Мифология опорного края державы, добытчика и кузнеца, не выдерживает проверки частным опытом, на который прежде всего опирается Борис Рыжий; мифология “завешанного штанами” хрущобного двора, где в пацанских играх и в доминошных ветеранских посиделках еще сохраняется советская героика, — эта мифология оказалась сильней. То же можно сказать о свердловской бандитской балладе: это вообще очень сильная эстетика (легенда, будто Виктор Пелевин бригадирствует на палатках в Северном Чертанове, весьма не случайна, как не случайны вообще все легенды об этом писателе-персонаже). Думаю, что “Аллеи бандитской славы” на свердловских кладбищах, все эти колоннады, лестницы, мраморные статуи, отдающие какой-то детской мечтой о поездке к морю (см. стихотворение Рыжего “Море”), станут когда-нибудь памятником не столько лежащим под этими террасами, сколько времени и мифу. В попытке оборудовать
здесьпосмертный курорт есть что-то наивное, языческое, а между тем смерть — она настоящая, ее не заложишь никаким мрамором, ее, как в кино, не открутишь в обратную сторону. Про это у Рыжего тоже написано в стихах.Не знаю, входит ли в намерения екатеринбургского поэта дразнить высоколобых критиков, подбрасывая им перепевы “Таганки”, чтобы критики за это радостно ухватились.
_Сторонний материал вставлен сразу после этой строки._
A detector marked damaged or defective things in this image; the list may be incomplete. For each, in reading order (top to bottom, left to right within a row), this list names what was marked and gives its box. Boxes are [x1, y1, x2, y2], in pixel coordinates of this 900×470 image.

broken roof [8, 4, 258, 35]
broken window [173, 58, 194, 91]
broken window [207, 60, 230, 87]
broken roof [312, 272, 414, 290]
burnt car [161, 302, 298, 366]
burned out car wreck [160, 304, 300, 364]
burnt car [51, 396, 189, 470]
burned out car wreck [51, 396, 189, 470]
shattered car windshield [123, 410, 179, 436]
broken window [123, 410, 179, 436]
Думаю, что Рыжий по-человечески не столь замысловат, он просто переносит в поэзию ту уличную музыку, под которую живет. Вокзальный бомж с надрывной гармошкой, “в надетом наголо пальто”, у которого в грязной, как подошва, нищенской кепке никак не прибавляется монет; более литературный, не нуждающийся в деньгах саксофонист, который тем не менее играет для пропойцы, засыпающего на мокрой скамье; фабричный репродуктор на красной трубе (опять “красн.”!), поющий “огромную песню” людским непроснувшимся толпам, дочерна густеющим у проходной... Все это тоже “Свердловск”. Соотношение музыки, города, поэта и облака у Рыжего сформулировано так:
Что же касается мальчика, он исчезает.
А относительно пения, песня легко
то форму города некоего принимает,
то повисает над городом, как облако.